As written and without pictures, set down the lines from the one that contains "[BUNJANG] Miso Blouse" through the end of the data.
##### Records for the task
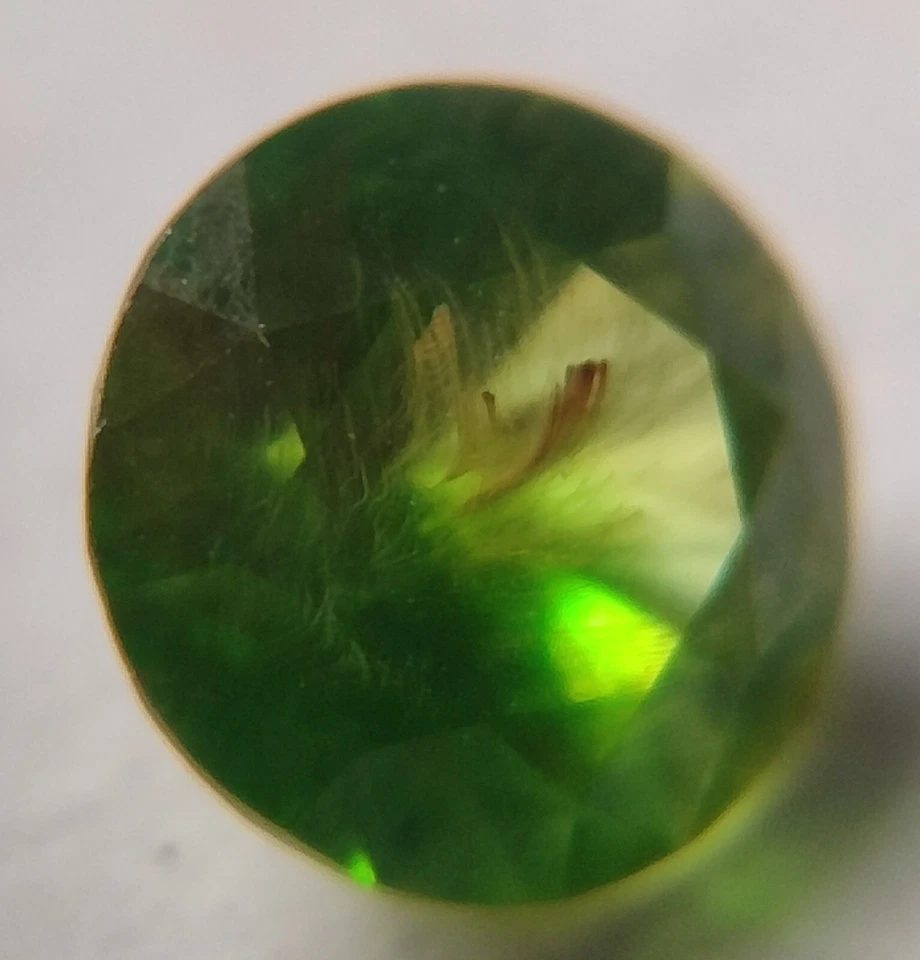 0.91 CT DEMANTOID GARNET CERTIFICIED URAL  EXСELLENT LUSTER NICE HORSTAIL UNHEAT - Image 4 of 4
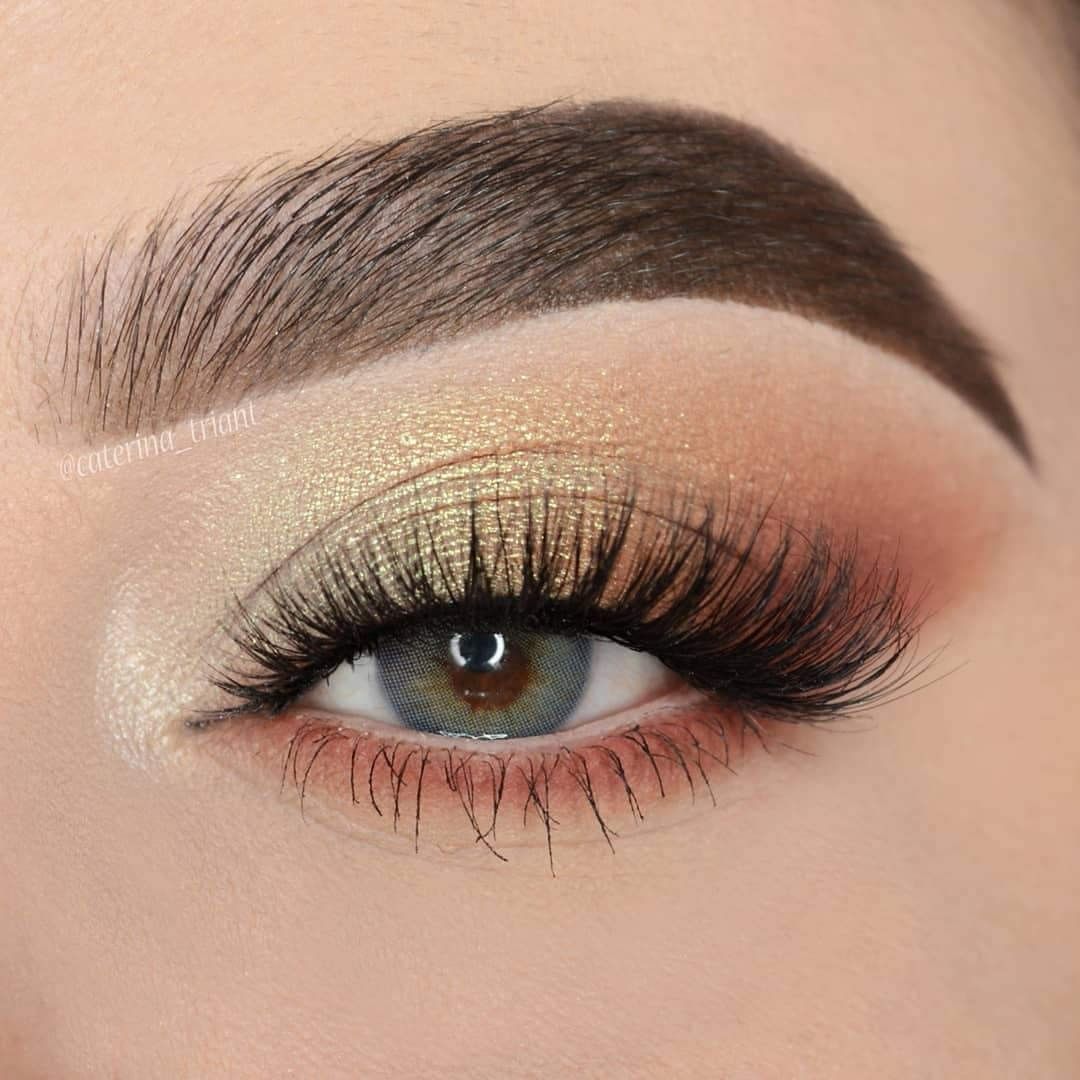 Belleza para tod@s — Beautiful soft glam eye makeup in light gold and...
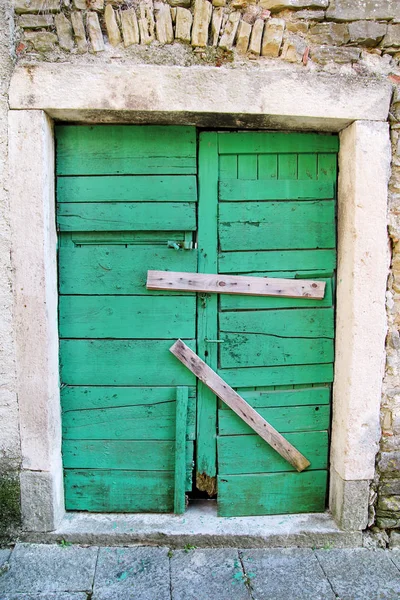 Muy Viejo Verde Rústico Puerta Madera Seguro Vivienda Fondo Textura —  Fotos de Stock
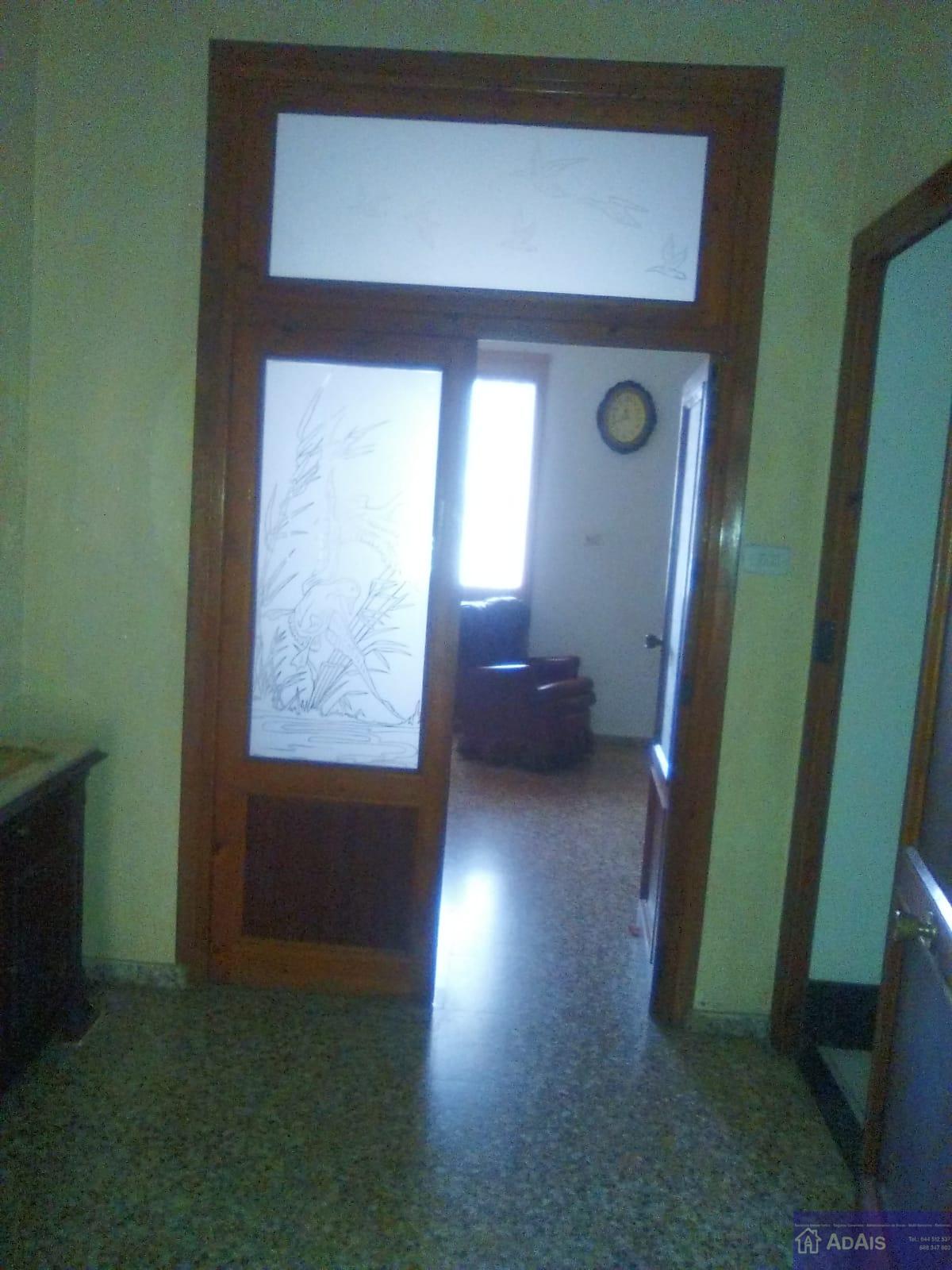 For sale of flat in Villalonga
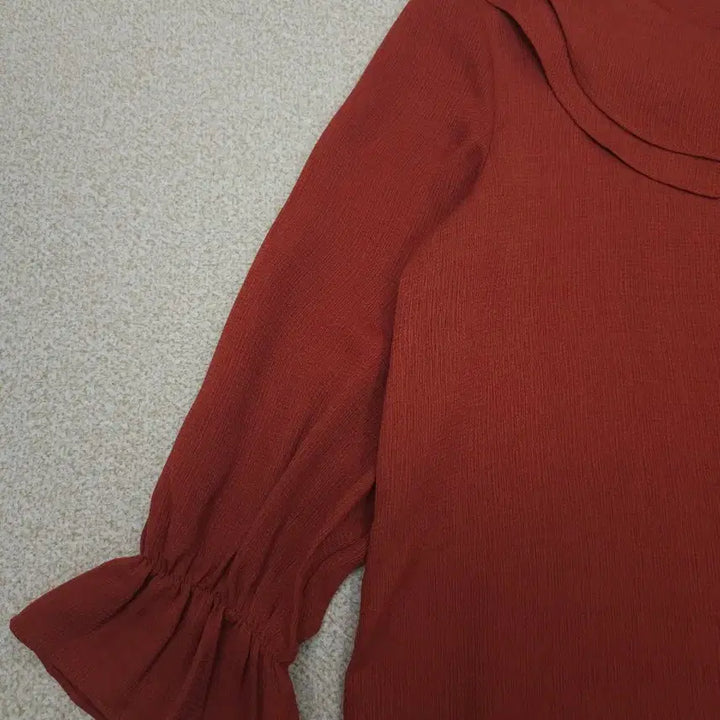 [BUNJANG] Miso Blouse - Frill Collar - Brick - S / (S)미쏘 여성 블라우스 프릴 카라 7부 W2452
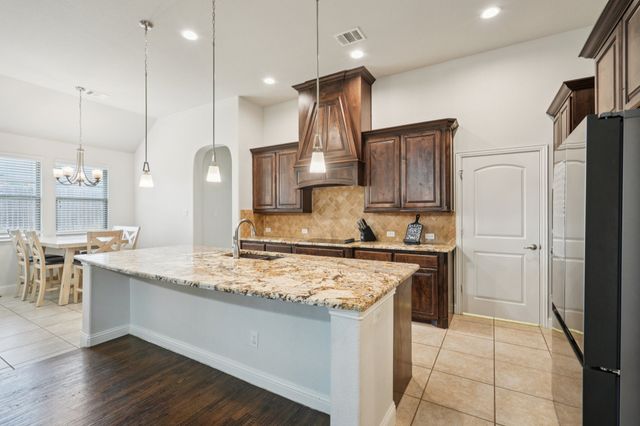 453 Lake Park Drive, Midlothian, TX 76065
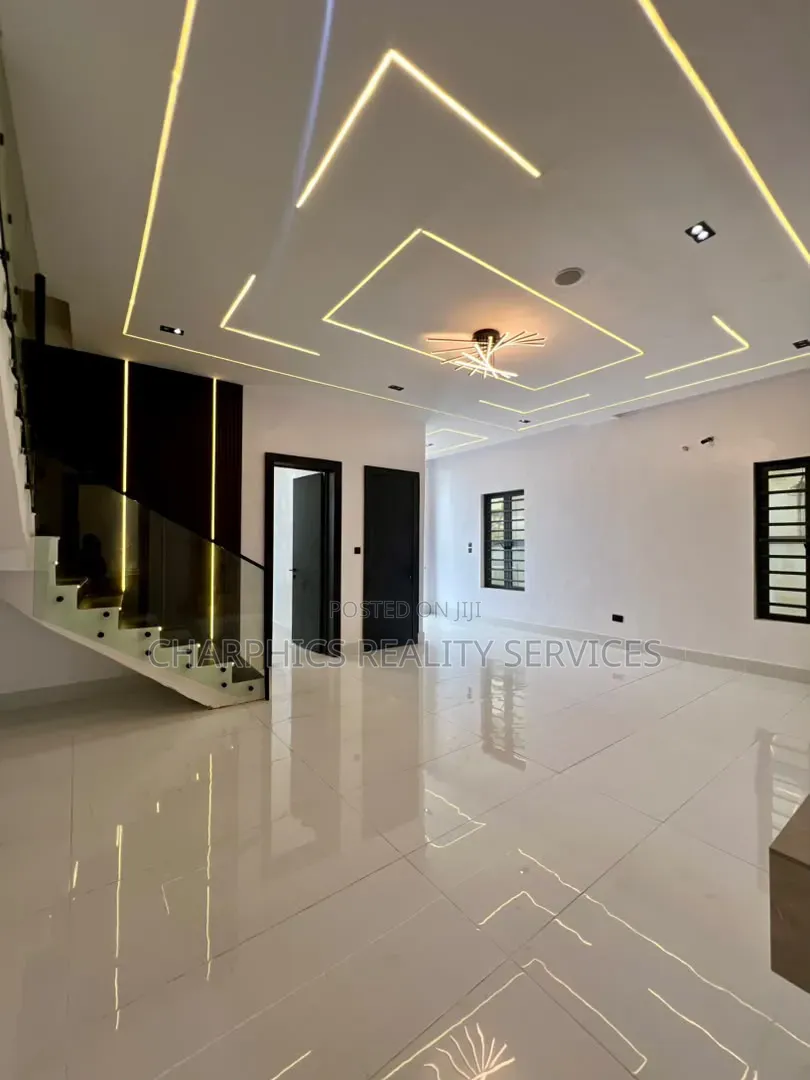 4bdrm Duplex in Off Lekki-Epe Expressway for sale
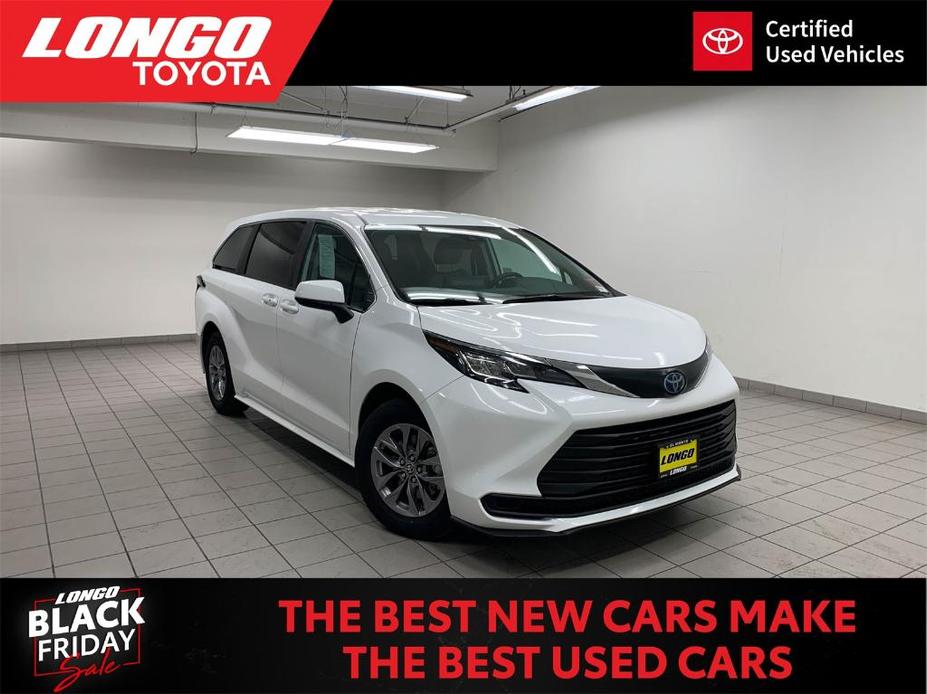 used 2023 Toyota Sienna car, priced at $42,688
##########
Output below =
 [BUNJANG] Miso Blouse - Frill Collar - Brick - S / (S)미쏘 여성 블라우스 프릴 카라 7부 W2452
 453 Lake Park Drive, Midlothian, TX 76065
 4bdrm Duplex in Off Lekki-Epe Expressway for sale
 used 2023 Toyota Sienna car, priced at $42,688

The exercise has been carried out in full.